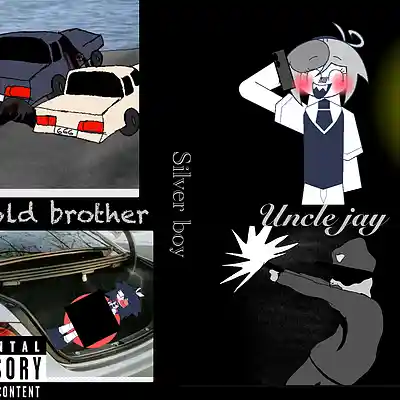 Picture for song 'Ya know da plan' by artist 'kungfujaylen'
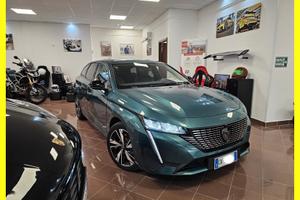 Peugeot New 308 1.5 BlueHDi 130CV EAT8 SW Allure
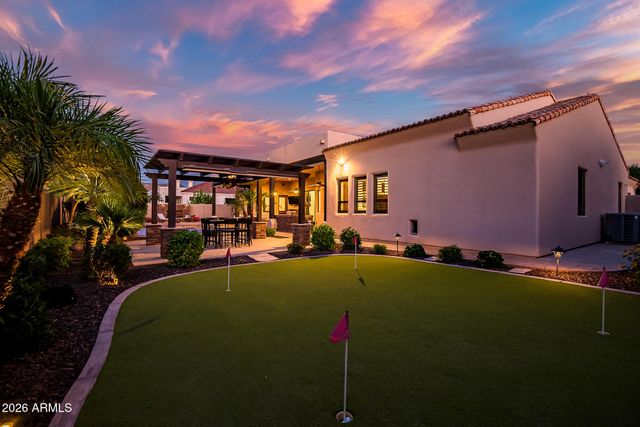 2914 E PORTOLA VALLEY Drive, Gilbert, AZ 85297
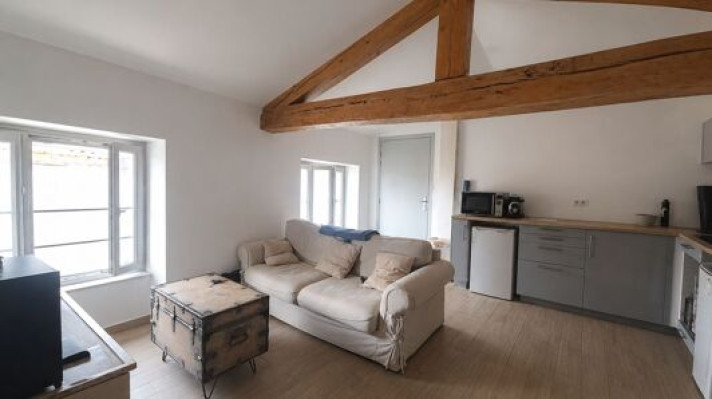 Voir la photo 1/6 du type apartment à Aups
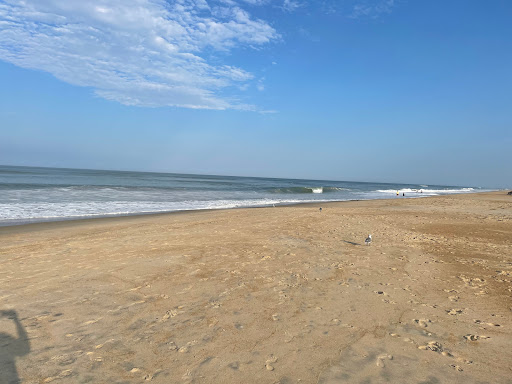 Prospect Avenue Public Beach Access - Thumbnail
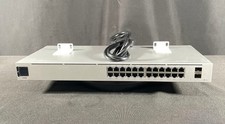 Ubiquiti Networks UniFi USW-24-POE 24Ports PoE 1000Mbps Switch-Same Day Shipping picture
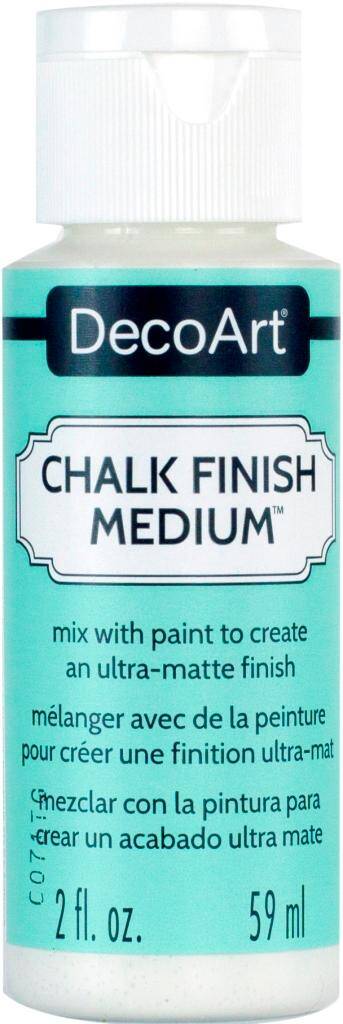 Chalky Finish Medium 59 ml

______________________________

▶ **Activity**: Return nothing except the lines from the one containing "Peugeot New 308" through the final line of the data, copied exactly. Leave out all pictures.

▶ **Response**:
 Peugeot New 308 1.5 BlueHDi 130CV EAT8 SW Allure
 2914 E PORTOLA VALLEY Drive, Gilbert, AZ 85297
 Voir la photo 1/6 du type apartment à Aups
 Prospect Avenue Public Beach Access - Thumbnail
 Ubiquiti Networks UniFi USW-24-POE 24Ports PoE 1000Mbps Switch-Same Day Shipping picture
 Chalky Finish Medium 59 ml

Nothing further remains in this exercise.